WORK ITEM: For this exercise, restate the data below with no change at all.

MATERIAL FOR THIS TASK:
..........
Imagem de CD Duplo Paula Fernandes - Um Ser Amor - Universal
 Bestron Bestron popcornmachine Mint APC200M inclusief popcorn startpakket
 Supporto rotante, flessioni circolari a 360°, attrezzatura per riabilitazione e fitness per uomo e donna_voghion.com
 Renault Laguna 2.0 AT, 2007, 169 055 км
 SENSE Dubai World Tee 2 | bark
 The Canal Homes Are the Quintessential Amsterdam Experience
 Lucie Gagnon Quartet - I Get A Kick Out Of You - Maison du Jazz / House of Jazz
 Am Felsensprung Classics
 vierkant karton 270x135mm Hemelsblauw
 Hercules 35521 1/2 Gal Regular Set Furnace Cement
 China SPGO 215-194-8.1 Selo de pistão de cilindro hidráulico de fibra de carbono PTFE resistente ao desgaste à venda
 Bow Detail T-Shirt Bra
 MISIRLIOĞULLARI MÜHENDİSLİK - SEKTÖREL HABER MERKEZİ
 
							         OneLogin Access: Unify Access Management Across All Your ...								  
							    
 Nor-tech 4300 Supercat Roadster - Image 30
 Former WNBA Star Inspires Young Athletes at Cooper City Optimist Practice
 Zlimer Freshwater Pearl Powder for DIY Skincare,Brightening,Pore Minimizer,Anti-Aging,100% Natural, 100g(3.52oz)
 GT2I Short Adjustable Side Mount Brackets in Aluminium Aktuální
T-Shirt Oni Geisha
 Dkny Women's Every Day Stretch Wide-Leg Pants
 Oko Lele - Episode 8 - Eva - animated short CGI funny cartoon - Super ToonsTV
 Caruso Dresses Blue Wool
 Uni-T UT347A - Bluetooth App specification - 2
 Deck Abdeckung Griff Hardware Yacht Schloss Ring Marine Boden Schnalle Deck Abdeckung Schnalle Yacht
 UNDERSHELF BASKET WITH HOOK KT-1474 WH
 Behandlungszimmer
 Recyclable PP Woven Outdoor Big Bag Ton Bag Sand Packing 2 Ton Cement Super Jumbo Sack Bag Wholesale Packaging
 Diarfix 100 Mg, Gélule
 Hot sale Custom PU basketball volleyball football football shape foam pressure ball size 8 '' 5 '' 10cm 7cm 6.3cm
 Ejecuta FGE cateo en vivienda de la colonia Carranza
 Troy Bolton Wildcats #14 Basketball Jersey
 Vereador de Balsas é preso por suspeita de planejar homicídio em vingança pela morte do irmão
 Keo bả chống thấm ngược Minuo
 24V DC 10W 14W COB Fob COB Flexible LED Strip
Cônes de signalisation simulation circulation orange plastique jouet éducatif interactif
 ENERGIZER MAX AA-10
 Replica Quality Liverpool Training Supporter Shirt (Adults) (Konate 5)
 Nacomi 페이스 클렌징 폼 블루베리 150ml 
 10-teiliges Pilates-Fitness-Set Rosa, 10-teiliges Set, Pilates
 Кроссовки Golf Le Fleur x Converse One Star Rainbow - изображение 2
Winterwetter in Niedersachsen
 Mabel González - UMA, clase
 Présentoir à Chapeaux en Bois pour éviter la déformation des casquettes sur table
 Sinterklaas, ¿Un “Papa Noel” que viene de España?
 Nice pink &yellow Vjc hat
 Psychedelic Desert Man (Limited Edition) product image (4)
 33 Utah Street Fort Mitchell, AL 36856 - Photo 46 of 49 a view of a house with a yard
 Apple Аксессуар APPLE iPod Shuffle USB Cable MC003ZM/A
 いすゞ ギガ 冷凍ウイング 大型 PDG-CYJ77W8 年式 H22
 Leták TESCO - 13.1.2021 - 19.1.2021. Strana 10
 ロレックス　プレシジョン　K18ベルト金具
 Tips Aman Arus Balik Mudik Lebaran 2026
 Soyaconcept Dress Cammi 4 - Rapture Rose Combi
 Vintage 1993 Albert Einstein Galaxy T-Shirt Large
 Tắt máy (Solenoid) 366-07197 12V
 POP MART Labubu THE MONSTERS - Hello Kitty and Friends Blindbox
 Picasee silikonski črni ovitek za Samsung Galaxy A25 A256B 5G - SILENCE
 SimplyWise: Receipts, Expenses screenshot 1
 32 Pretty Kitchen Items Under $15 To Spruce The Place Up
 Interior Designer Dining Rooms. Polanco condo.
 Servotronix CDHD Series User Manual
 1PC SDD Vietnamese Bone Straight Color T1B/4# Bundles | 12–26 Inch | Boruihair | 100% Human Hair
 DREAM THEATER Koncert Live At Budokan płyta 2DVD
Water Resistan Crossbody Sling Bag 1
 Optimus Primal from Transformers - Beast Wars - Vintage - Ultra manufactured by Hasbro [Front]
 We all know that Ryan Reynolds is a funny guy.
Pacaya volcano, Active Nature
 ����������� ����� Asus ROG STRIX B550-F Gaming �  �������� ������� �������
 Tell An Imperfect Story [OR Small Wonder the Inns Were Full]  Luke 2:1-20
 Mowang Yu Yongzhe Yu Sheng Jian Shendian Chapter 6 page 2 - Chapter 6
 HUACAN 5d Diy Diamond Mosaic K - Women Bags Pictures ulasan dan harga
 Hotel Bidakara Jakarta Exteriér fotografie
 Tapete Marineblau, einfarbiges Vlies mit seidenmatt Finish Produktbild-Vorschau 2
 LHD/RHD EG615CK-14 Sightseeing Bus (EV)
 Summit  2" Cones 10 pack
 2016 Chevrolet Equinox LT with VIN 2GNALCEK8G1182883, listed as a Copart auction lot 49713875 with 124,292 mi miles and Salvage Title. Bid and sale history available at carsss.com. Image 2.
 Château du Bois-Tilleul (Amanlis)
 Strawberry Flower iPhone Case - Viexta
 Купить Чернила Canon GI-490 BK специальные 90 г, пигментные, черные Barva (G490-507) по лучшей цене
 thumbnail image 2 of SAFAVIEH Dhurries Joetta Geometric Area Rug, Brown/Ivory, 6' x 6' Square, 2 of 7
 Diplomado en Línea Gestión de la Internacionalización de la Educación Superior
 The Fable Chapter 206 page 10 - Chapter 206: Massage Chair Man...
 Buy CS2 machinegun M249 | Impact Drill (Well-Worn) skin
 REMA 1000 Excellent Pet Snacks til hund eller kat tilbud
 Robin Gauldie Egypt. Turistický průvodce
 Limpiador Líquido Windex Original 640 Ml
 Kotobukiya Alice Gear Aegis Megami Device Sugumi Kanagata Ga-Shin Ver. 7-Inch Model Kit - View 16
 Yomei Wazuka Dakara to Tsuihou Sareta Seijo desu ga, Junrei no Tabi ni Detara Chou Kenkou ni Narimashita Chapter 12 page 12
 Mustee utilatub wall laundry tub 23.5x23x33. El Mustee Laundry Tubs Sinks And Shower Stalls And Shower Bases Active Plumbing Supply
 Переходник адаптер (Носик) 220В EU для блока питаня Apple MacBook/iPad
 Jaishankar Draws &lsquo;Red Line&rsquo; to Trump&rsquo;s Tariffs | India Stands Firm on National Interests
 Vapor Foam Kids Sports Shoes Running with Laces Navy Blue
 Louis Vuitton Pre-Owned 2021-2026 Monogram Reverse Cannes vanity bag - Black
..........
RESULT:
Imagem de CD Duplo Paula Fernandes - Um Ser Amor - Universal
 Bestron Bestron popcornmachine Mint APC200M inclusief popcorn startpakket
 Supporto rotante, flessioni circolari a 360°, attrezzatura per riabilitazione e fitness per uomo e donna_voghion.com
 Renault Laguna 2.0 AT, 2007, 169 055 км
 SENSE Dubai World Tee 2 | bark
 The Canal Homes Are the Quintessential Amsterdam Experience
 Lucie Gagnon Quartet - I Get A Kick Out Of You - Maison du Jazz / House of Jazz
 Am Felsensprung Classics
 vierkant karton 270x135mm Hemelsblauw
 Hercules 35521 1/2 Gal Regular Set Furnace Cement
 China SPGO 215-194-8.1 Selo de pistão de cilindro hidráulico de fibra de carbono PTFE resistente ao desgaste à venda
 Bow Detail T-Shirt Bra
 MISIRLIOĞULLARI MÜHENDİSLİK - SEKTÖREL HABER MERKEZİ
 
							         OneLogin Access: Unify Access Management Across All Your ...								  
							    
 Nor-tech 4300 Supercat Roadster - Image 30
 Former WNBA Star Inspires Young Athletes at Cooper City Optimist Practice
 Zlimer Freshwater Pearl Powder for DIY Skincare,Brightening,Pore Minimizer,Anti-Aging,100% Natural, 100g(3.52oz)
 GT2I Short Adjustable Side Mount Brackets in Aluminium Aktuální
T-Shirt Oni Geisha
 Dkny Women's Every Day Stretch Wide-Leg Pants
 Oko Lele - Episode 8 - Eva - animated short CGI funny cartoon - Super ToonsTV
 Caruso Dresses Blue Wool
 Uni-T UT347A - Bluetooth App specification - 2
 Deck Abdeckung Griff Hardware Yacht Schloss Ring Marine Boden Schnalle Deck Abdeckung Schnalle Yacht
 UNDERSHELF BASKET WITH HOOK KT-1474 WH
 Behandlungszimmer
 Recyclable PP Woven Outdoor Big Bag Ton Bag Sand Packing 2 Ton Cement Super Jumbo Sack Bag Wholesale Packaging
 Diarfix 100 Mg, Gélule
 Hot sale Custom PU basketball volleyball football football shape foam pressure ball size 8 '' 5 '' 10cm 7cm 6.3cm
 Ejecuta FGE cateo en vivienda de la colonia Carranza
 Troy Bolton Wildcats #14 Basketball Jersey
 Vereador de Balsas é preso por suspeita de planejar homicídio em vingança pela morte do irmão
 Keo bả chống thấm ngược Minuo
 24V DC 10W 14W COB Fob COB Flexible LED Strip
Cônes de signalisation simulation circulation orange plastique jouet éducatif interactif
 ENERGIZER MAX AA-10
 Replica Quality Liverpool Training Supporter Shirt (Adults) (Konate 5)
 Nacomi 페이스 클렌징 폼 블루베리 150ml 
 10-teiliges Pilates-Fitness-Set Rosa, 10-teiliges Set, Pilates
 Кроссовки Golf Le Fleur x Converse One Star Rainbow - изображение 2
Winterwetter in Niedersachsen
 Mabel González - UMA, clase
 Présentoir à Chapeaux en Bois pour éviter la déformation des casquettes sur table
 Sinterklaas, ¿Un “Papa Noel” que viene de España?
 Nice pink &yellow Vjc hat
 Psychedelic Desert Man (Limited Edition) product image (4)
 33 Utah Street Fort Mitchell, AL 36856 - Photo 46 of 49 a view of a house with a yard
 Apple Аксессуар APPLE iPod Shuffle USB Cable MC003ZM/A
 いすゞ ギガ 冷凍ウイング 大型 PDG-CYJ77W8 年式 H22
 Leták TESCO - 13.1.2021 - 19.1.2021. Strana 10
 ロレックス　プレシジョン　K18ベルト金具
 Tips Aman Arus Balik Mudik Lebaran 2026
 Soyaconcept Dress Cammi 4 - Rapture Rose Combi
 Vintage 1993 Albert Einstein Galaxy T-Shirt Large
 Tắt máy (Solenoid) 366-07197 12V
 POP MART Labubu THE MONSTERS - Hello Kitty and Friends Blindbox
 Picasee silikonski črni ovitek za Samsung Galaxy A25 A256B 5G - SILENCE
 SimplyWise: Receipts, Expenses screenshot 1
 32 Pretty Kitchen Items Under $15 To Spruce The Place Up
 Interior Designer Dining Rooms. Polanco condo.
 Servotronix CDHD Series User Manual
 1PC SDD Vietnamese Bone Straight Color T1B/4# Bundles | 12–26 Inch | Boruihair | 100% Human Hair
 DREAM THEATER Koncert Live At Budokan płyta 2DVD
Water Resistan Crossbody Sling Bag 1
 Optimus Primal from Transformers - Beast Wars - Vintage - Ultra manufactured by Hasbro [Front]
 We all know that Ryan Reynolds is a funny guy.
Pacaya volcano, Active Nature
 ����������� ����� Asus ROG STRIX B550-F Gaming �  �������� ������� �������
 Tell An Imperfect Story [OR Small Wonder the Inns Were Full]  Luke 2:1-20
 Mowang Yu Yongzhe Yu Sheng Jian Shendian Chapter 6 page 2 - Chapter 6
 HUACAN 5d Diy Diamond Mosaic K - Women Bags Pictures ulasan dan harga
 Hotel Bidakara Jakarta Exteriér fotografie
 Tapete Marineblau, einfarbiges Vlies mit seidenmatt Finish Produktbild-Vorschau 2
 LHD/RHD EG615CK-14 Sightseeing Bus (EV)
 Summit  2" Cones 10 pack
 2016 Chevrolet Equinox LT with VIN 2GNALCEK8G1182883, listed as a Copart auction lot 49713875 with 124,292 mi miles and Salvage Title. Bid and sale history available at carsss.com. Image 2.
 Château du Bois-Tilleul (Amanlis)
 Strawberry Flower iPhone Case - Viexta
 Купить Чернила Canon GI-490 BK специальные 90 г, пигментные, черные Barva (G490-507) по лучшей цене
 thumbnail image 2 of SAFAVIEH Dhurries Joetta Geometric Area Rug, Brown/Ivory, 6' x 6' Square, 2 of 7
 Diplomado en Línea Gestión de la Internacionalización de la Educación Superior
 The Fable Chapter 206 page 10 - Chapter 206: Massage Chair Man...
 Buy CS2 machinegun M249 | Impact Drill (Well-Worn) skin
 REMA 1000 Excellent Pet Snacks til hund eller kat tilbud
 Robin Gauldie Egypt. Turistický průvodce
 Limpiador Líquido Windex Original 640 Ml
 Kotobukiya Alice Gear Aegis Megami Device Sugumi Kanagata Ga-Shin Ver. 7-Inch Model Kit - View 16
 Yomei Wazuka Dakara to Tsuihou Sareta Seijo desu ga, Junrei no Tabi ni Detara Chou Kenkou ni Narimashita Chapter 12 page 12
 Mustee utilatub wall laundry tub 23.5x23x33. El Mustee Laundry Tubs Sinks And Shower Stalls And Shower Bases Active Plumbing Supply
 Переходник адаптер (Носик) 220В EU для блока питаня Apple MacBook/iPad
 Jaishankar Draws &lsquo;Red Line&rsquo; to Trump&rsquo;s Tariffs | India Stands Firm on National Interests
 Vapor Foam Kids Sports Shoes Running with Laces Navy Blue
 Louis Vuitton Pre-Owned 2021-2026 Monogram Reverse Cannes vanity bag - Black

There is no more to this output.